I do not love that I can't set her on the floor for five minutes to make a coffee in the morning without her crawling away while my back is turned and me realizing it and panicking, "Crap! I don't think I vacuumed under the table after dinner last night!" and running to get her just in time to save her from aspirating some petrified chunk of the previous night's dinner that was dropped on the floor by one of her sisters (just one of many reasons I miss having a dog, by the way).
Repeat a variation of this scenario in any room of the house, any time I set her on the floor, all. day. long.
She wants to move. She wants to be where her sisters are and do what they're doing.
She wants to explore.
I know, I know. Of course she wants to explore. I just wish exploring in this phase didn't have to include putting every darn thing she sees into her mouth.

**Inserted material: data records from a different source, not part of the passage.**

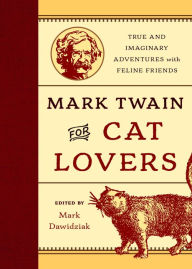 Title: Mark Twain for Cat Lovers: True and Imaginary Adventures with Feline Friends, Author: Mark Dawidziak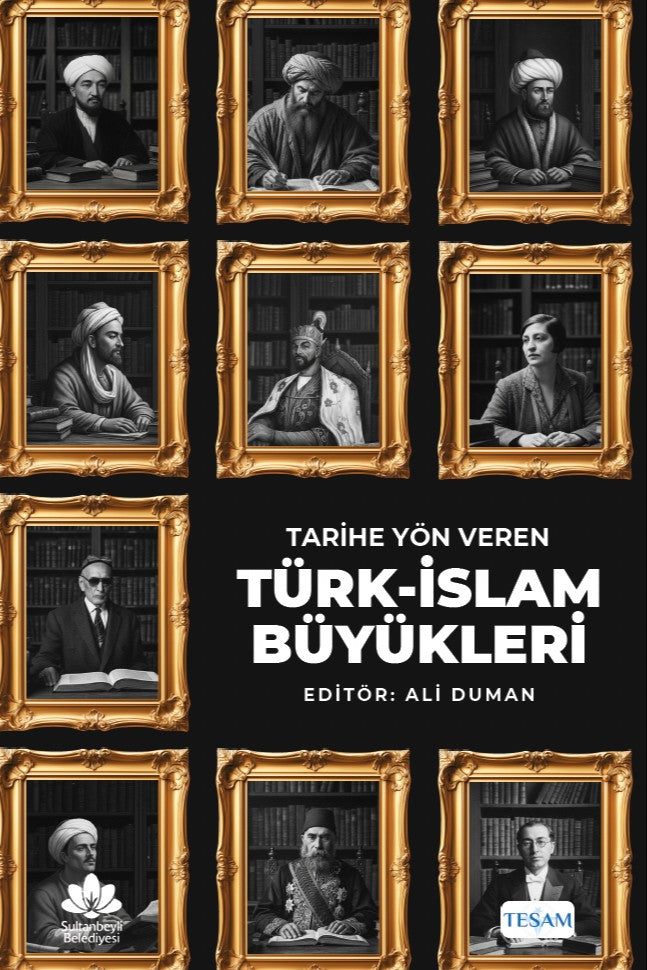 Tarihe Yön Veren Türk-İslam Büyükleri - Dr. Ali Duman kitap kapağı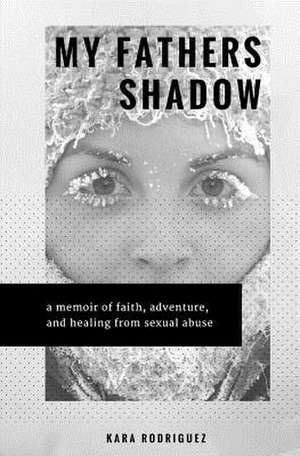 My Father's Shadow de Kara Rodriguez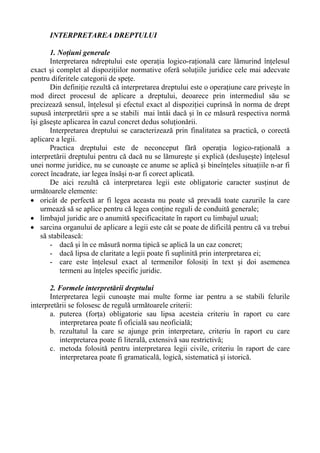 INTERPRETAREA DREPTULUI
1. Noţiuni generale
Interpretarea ndreptului este operaţia logico-raţională care lămurind înţelesul
exact şi complet al dispoziţiilor normative oferă soluţiile juridice cele mai adecvate
pentru diferitele categorii de speţe.
Din definiţie rezultă că interpretarea dreptului este o operaţiune care priveşte în
mod direct procesul de aplicare a dreptului, deoarece prin intermediul său se
precizează sensul, înţelesul şi efectul exact al dispoziţiei cuprinsă în norma de drept
supusă interpretării spre a se stabili mai întâi dacă şi în ce măsură respectiva normă
îşi găseşte aplicarea în cazul concret dedus soluţionării.
Interpretarea dreptului se caracterizează prin finalitatea sa practică, o corectă
aplicare a legii.
Practica dreptului este de neconceput fără operaţia logico-raţională a
interpretării dreptului pentru că dacă nu se lămureşte şi explică (desluşeşte) înţelesul
unei norme juridice, nu se cunoaşte ce anume se aplică şi bineînţeles situaţiile n-ar fi
corect încadrate, iar legea însăşi n-ar fi corect aplicată.
De aici rezultă că interpretarea legii este obligatorie caracter susţinut de
următoarele elemente:
• oricât de perfectă ar fi legea aceasta nu poate să prevadă toate cazurile la care
urmează să se aplice pentru că legea conţine reguli de conduită generale;
• limbajul juridic are o anumită specificacitate în raport cu limbajul uzual;
• sarcina organului de aplicare a legii este cât se poate de dificilă pentru că va trebui
să stabilească:
- dacă şi în ce măsură norma tipică se aplică la un caz concret;
- dacă lipsa de claritate a legii poate fi suplinită prin interpretarea ei;
- care este înţelesul exact al termenilor folosiţi în text şi doi asemenea
termeni au înţeles specific juridic.
2. Formele interpretării dreptului
Interpretarea legii cunoaşte mai multe forme iar pentru a se stabili felurile
interpretării se folosesc de regulă următoarele criterii:
a. puterea (forţa) obligatorie sau lipsa acesteia criteriu în raport cu care
interpretarea poate fi oficială sau neoficială;
b. rezultatul la care se ajunge prin interpretare, criteriu în raport cu care
interpretarea poate fi literală, extensivă sau restrictivă;
c. metoda folosită pentru interpretarea legii civile, criteriu în raport de care
interpretarea poate fi gramaticală, logică, sistematică şi istorică.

As you probably know if you've read many of my previous posts, I have a wee bit of a choking phobia.
And it doesn't help that we recently had a bit of a choking scare with her and now I am pretty much afraid to put her on the floor at all if I can't be watching her like a hawk the whole time. I'm developing tendonitis or something in my elbow from carrying her 22 pounds of adorable around all day long. I'm serious. Neurotic much?
So far with all three of my kids, this time between 9 and 18-ish months, when mobility is advanced so much more than reasoning, has been my least favorite phase. Perhaps I shouldn't admit it, but oh it is so true!
I suppose that's just the nature of motherhood though. Even though there are some things about it that I really don't love, don't like, can't stand, etc., in the grand scheme of things, I love it. I don't love everything about it. But oh, how I do love it.